Apart from the pictures, print the data below exactly as given.

*Collected data*:
-------------------------

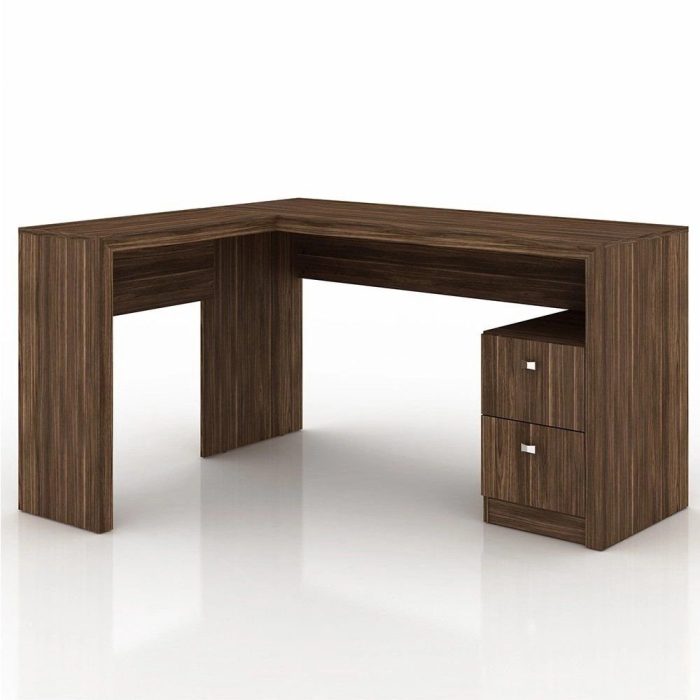 Mesa Para Escritório 2 Gavetas Tecno Mobili Me4129 - Imagem 2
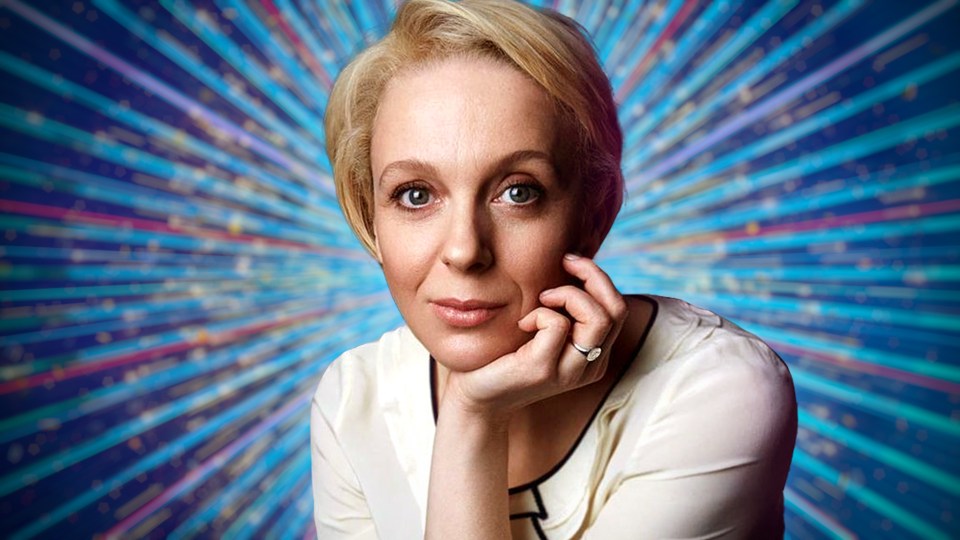 Actress Amanda Abbington was the first celeb to be revealed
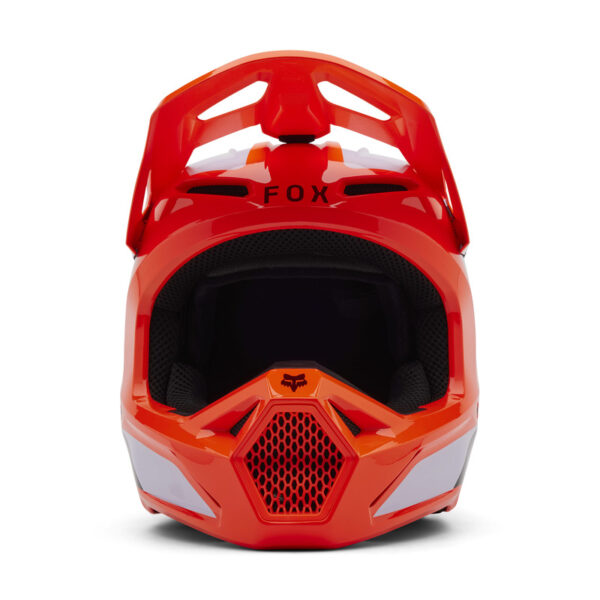 Kask FOX V1 LEAN FLUO ORANGE - obrazek 2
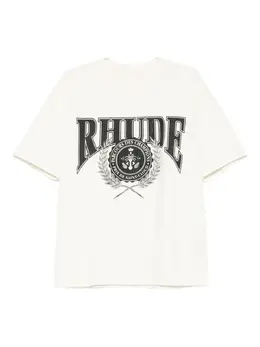 RHUDE: Белая футболка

-------------------------

*Output of the task*:
 Mesa Para Escritório 2 Gavetas Tecno Mobili Me4129 - Imagem 2
 Actress Amanda Abbington was the first celeb to be revealed
 Kask FOX V1 LEAN FLUO ORANGE - obrazek 2
 RHUDE: Белая футболка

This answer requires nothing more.